__What to work on__. Some of the lines below need repeating. Reproduce exactly those between the lines holding "Mod genç yetişkin" and "Chicken tikka skewers", inclusive.

*** Records supplied ***

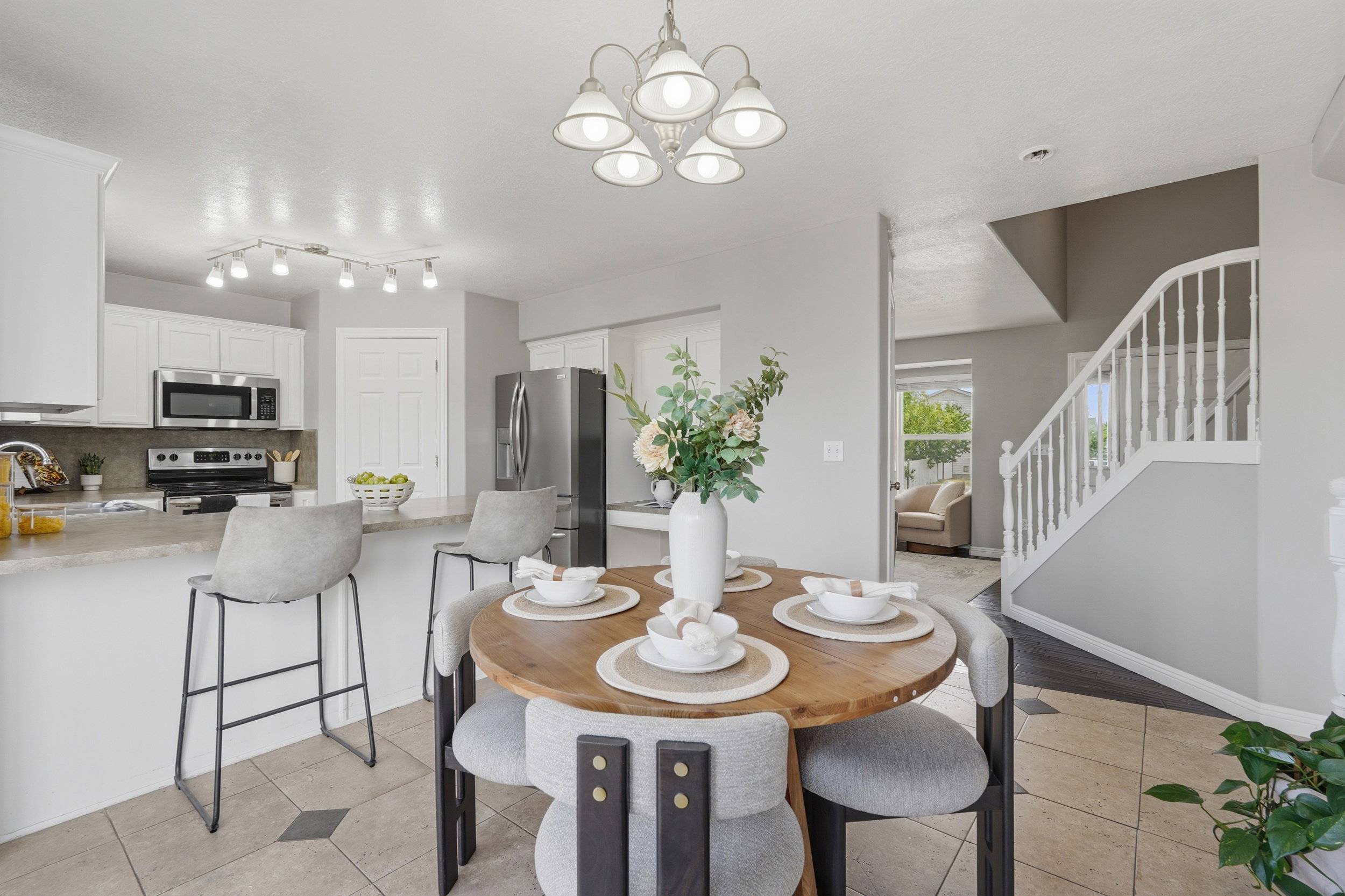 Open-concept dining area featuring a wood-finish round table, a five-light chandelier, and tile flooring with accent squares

*** End of Records supplied ***
*** Records supplied ***

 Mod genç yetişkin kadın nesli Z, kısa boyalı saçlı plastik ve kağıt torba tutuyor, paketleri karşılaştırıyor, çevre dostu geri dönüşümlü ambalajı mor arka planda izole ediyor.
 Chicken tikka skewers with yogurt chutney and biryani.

*** End of Records supplied ***
*** Records supplied ***

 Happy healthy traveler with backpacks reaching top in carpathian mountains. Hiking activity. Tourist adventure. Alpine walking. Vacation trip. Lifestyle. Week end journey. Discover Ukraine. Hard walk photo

*** End of Records supplied ***

__Response to the exercise__.
 Mod genç yetişkin kadın nesli Z, kısa boyalı saçlı plastik ve kağıt torba tutuyor, paketleri karşılaştırıyor, çevre dostu geri dönüşümlü ambalajı mor arka planda izole ediyor.
 Chicken tikka skewers with yogurt chutney and biryani.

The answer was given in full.